The basic operation here is

    x = (((a * b) + c) - c) / b
which would yield (x == a) in exact arithmetic.

Let's denote by fp(y) the floating-point number closest to y. If you don't use FMA, then the middle of the formula is essentially fp(fp(M + c) - c) for some M. When you pick the natural choice of initial a, b and c having the same order of magnitude, this gives exactly M in 99.99% of cases. Then you're just measuring the difference between a and (a * b) / b. Instead, FMA gives you x = fp(fp(fp(a * b + c) - c) / b), which is admittedly more complex to study.

But as you pick larger and larger c values, you can observe that FMA becomes more accurate compared to the other version. When c reaches about 0.5e+6 times larger than a and b, FMA starts winning. Note that a is incremented 1M times as the proposed algorithm iterates, so this corresponds to (a * b) and c having the same orders of magnitude on average, as the loop progresses.

You can probably go much more in-depth in studying this, and explain it better. But essentially this is a non-issue, just floating-point being floating-point.

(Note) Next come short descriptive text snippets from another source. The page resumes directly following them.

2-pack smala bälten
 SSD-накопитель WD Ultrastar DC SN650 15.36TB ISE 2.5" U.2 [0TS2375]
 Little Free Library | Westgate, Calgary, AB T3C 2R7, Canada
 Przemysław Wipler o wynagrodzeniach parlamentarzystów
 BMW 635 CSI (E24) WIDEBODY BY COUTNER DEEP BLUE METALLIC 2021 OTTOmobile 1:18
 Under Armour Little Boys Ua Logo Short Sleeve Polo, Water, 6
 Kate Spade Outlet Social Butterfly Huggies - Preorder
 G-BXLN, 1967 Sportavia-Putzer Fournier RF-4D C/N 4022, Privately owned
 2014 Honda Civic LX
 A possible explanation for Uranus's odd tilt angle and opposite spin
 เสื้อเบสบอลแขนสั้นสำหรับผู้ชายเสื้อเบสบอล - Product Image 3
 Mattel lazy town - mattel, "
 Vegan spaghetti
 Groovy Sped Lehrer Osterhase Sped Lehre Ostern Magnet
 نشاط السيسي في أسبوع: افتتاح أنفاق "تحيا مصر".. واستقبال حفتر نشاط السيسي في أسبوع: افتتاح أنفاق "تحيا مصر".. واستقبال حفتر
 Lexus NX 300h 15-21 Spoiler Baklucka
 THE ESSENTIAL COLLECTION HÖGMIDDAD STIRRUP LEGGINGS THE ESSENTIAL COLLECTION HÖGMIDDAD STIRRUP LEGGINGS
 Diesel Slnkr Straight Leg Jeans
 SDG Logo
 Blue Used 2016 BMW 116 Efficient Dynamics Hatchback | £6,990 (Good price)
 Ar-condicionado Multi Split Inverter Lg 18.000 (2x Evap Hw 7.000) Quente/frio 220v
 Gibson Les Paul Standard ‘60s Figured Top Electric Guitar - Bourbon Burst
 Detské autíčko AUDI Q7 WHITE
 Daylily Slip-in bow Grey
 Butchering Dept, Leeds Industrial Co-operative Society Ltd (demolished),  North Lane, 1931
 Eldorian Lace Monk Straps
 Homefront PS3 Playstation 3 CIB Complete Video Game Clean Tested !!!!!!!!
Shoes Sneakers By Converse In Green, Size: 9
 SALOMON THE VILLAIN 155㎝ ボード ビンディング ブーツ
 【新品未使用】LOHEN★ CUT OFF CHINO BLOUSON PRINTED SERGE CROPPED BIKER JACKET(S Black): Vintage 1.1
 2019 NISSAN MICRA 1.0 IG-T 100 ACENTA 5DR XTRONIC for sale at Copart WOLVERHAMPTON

If you want to play with the code, you can find it here:

https://godbolt.org/z/WWqdcrzdh

Also, the article concludes that FMA hurts accuracy, and this is at best misleading (FMA is better in the worst case). But the example given does highlight something important:

Depending on the case, the accuracy gains can be tiny (so much so that in this example the FMA version does indeed return larger errors in most runs), and the performance gains can be small too.

On the other hand, the price to pay for letting the compiler freely decide whether/when to fuse * and + is huge: reproducibility. Since x87 was deprecated, having floating-point results be bit-for-bit consistent across platforms, compilers and optimization flags has been amazing for debugging. Losing that is a step back and a recipe for headaches.

I was surprised that gcc enables -fexcess-precision=fast by default (in GNU mode), hence enabling transparent FMA and potential headaches. Specifying the standard (e.g. -stdc=c17) fixes that.

Iirc x87 was even worse on some processors depending on the processor state, the processor could cache the CPU state on context switch and revert the x87 register to a f64, leading to irreproducibility at the runtime level (randomly fails if you get an unlucky thread thrash)
> When c reaches about 0.5e+6 times larger than a and b, FMA starts winning.

It should be noted that 1e+6 sticks out as right on the rounding limit of single precision floating point numbers, which is about 1e+7. Thus it suggests that the residue amplification from b ceases to be a problem once b simply falls out of the picture as it gets close to a roundoff error.

Therefore, this test isn't evaluating FMA as much as it is showcasing how floating point division amplifies numerical residues.

To complement what you're saying... It took me a long time to understand:

The number line for floats is non-linear. It has holes in it.